Tu descends la dizaine de mètres de presque à pic de pierre ponce sur le cul, tu enlèves tes espadrilles, tu poses tes clés que tu as oublié de laisser dans ton sac à dos au dessus et tu t'avances sur les pierres glissantes vers la pauv'bête.

Puis quand tu es à portée de cornes, tu saisis virilement une d'icelles et tu tires la chèvre en lui disant de faire un effort.

Elle t'écoute, s'extraie d'entre les deux pierres, prend appui sur ses deux genoux, mais identifiant mal le plus important des dangers qui la menacent, elle t'échappe pour aller se fourrer au fond d'un trou, à moitié plein d'eau et qui se remplit presque à chaque vaguelette (alors si le vent forcit...) et où il lui est impossible de faire demi-tour.

Alors tu fais quoi ?

Tu saisis ce que tu peux : la queue, et tu tires. Tu te dis que tu pourrais toujours t'établir ostéopathe pour chèvre, vu que tu lui fais craquer les vertèbres caudales comme l'ostéo te fait craquer tes lombaires, et elle se met à bêler comme une malade.

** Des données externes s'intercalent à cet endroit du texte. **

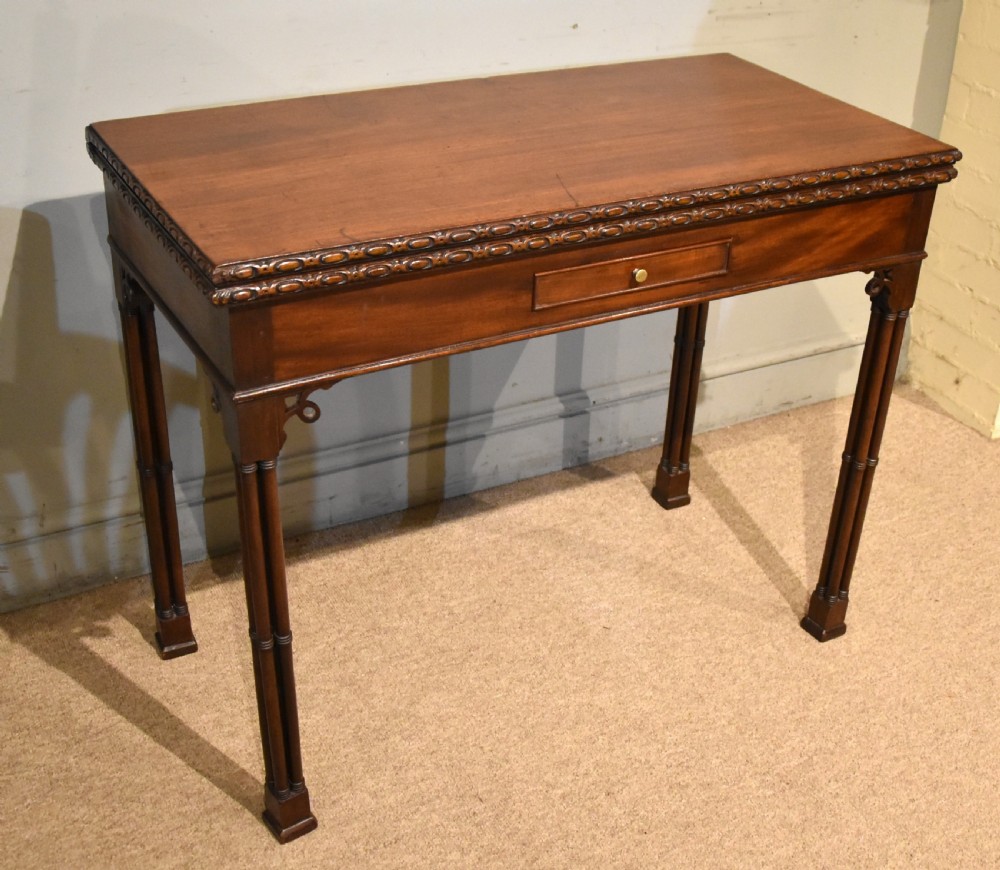 Chinese Chippendale 18th Century mahogany tea table View VI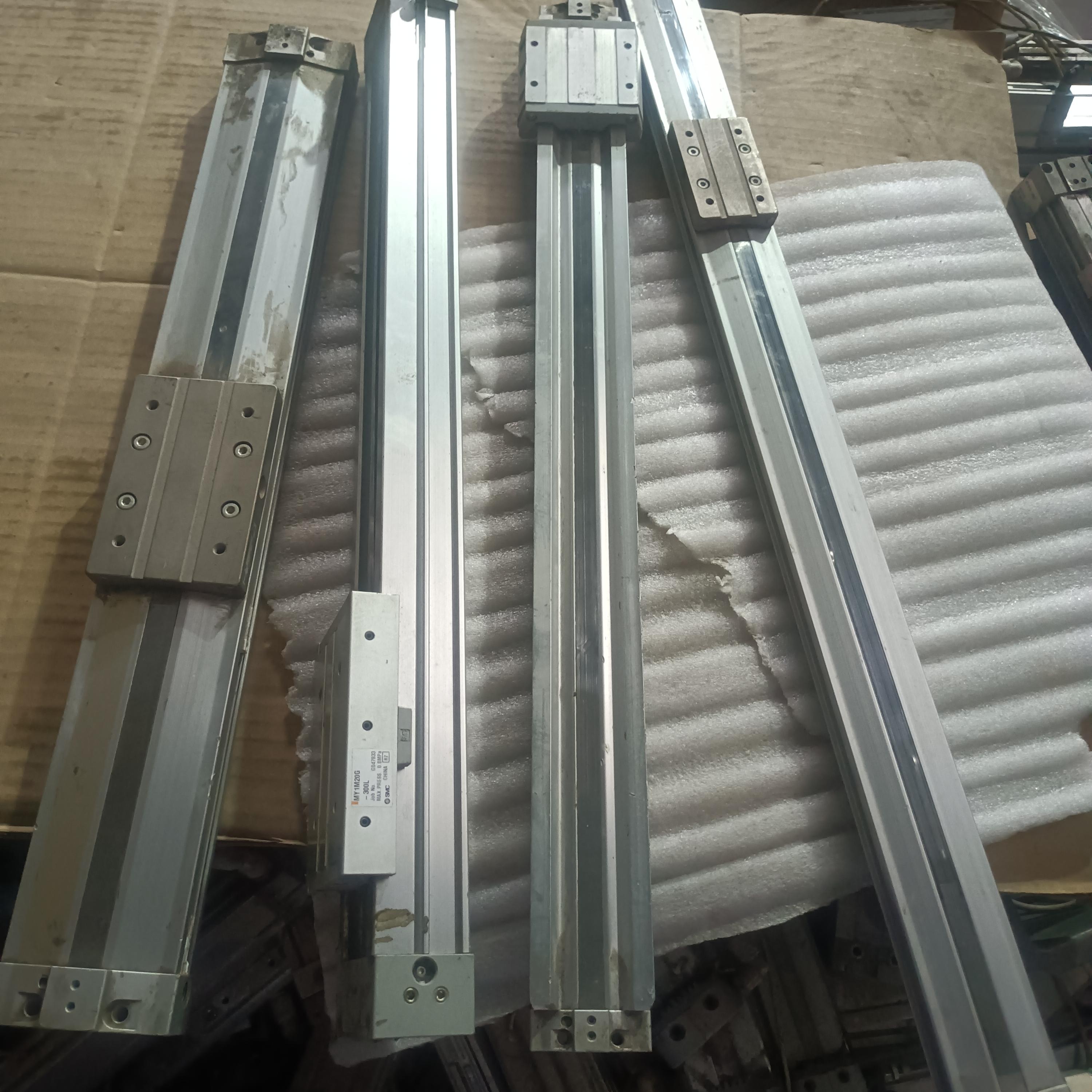 原装拆机SMC气缸MY1M20G-300LMY3B25-300MY3M16-400MY3A16-500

Mais toi, tu tiens le bon bout et tu tires jusqu'à ce qu'elle fasse marche arrière.

Et quand elle commence à sortir, tu lui expliques gentiment qu'il faut qu'elle te fasse confiance, que t'es là pour l'aider, pas pour la mettre à la broche et pour la manger farcie au riz comme sa cousine qui t'a régalé dimanche soir.

Quand elle finit par sortir, elle ne tente pas vraiment de t'échapper, mais tu la sens bien un brin paniquée, la pauv'chérie. Et la tu la soulèves, tu te rends compte qu'elle est jeune mais qu'elle pèse tout de même son poids et qu'avec les pierres glissantes...

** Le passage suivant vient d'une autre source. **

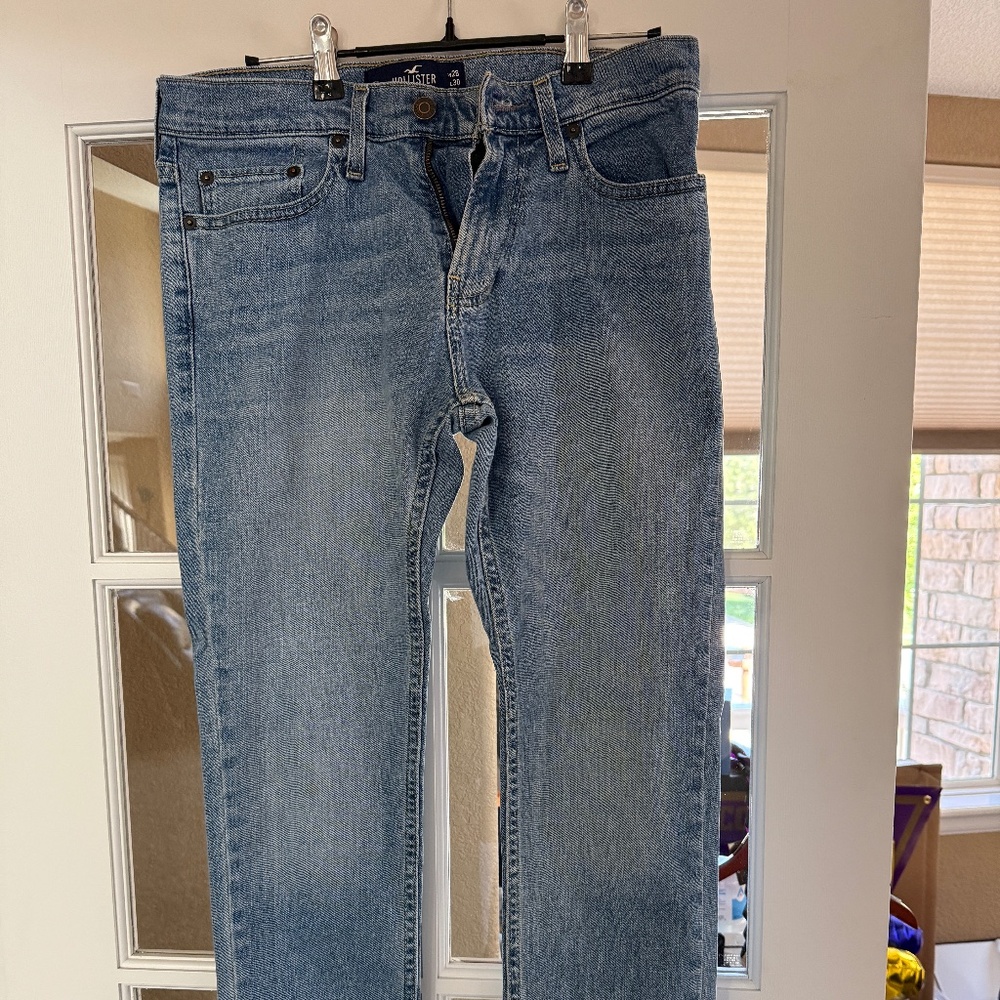 Hollister - Like New - Size 28x30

Alors tu la reposes pour prendre mieux tes appuis, et là elle s'aplatit sur la pierre glissante, les quatre pattes écartées, la tête de côté, visiblement épuisée. Tu sens qu'elle a abdiqué et qu'elle s'en remet à toi. Complètement.

Ni une ni deux, maintenant que tu as des appuis solides, tu la prends sous le bras gauche, contre ton coeur, en fait. Tu la sens palpiter, et ça fait comme une outre, son ventre contre ton ventre, une outre où tu as l'impression de sentir, à l'intérieur, l'eau de mer qu'elle a dû avaler.

Et puis de ta main droite, tu t'appuies sur les rochers... jusqu'à arriver sur un bout de plage. Et tu la vois partir, chancelantes. Et toi tu te tapes la remontée de la dizaine de mètres de presque à pic dans la ponce en t'accrochant comme tu peux aux buissons.

Tu arrives au dessus en soufflant comme un phoque, tu te dis qu'à 60 balais tu es encore capable de sauver une chèvre de la noyade, et que, pour aujourd'hui, tu as fait ce que tu avais à faire.

Et puis cinq minutes après, comme tu es un incorrigible païen, et que tu crois voir plus haut sur la pente, tu te dis que ce n'était probablement pas une chèvre, mais Hermès, le dieu des troupeaux et des bergers, qui est aussi ton dieu tutélaire, qu'il s'était métamorphosé pour te tester, pour voir si tu allais faire ce que tu avais à faire.

Et puis j'en vois qui rigolent ! Non je n'ai pas fait la légion, le sauvetage de la biquette n'a eu aucune contrepartie. D'aucune sorte.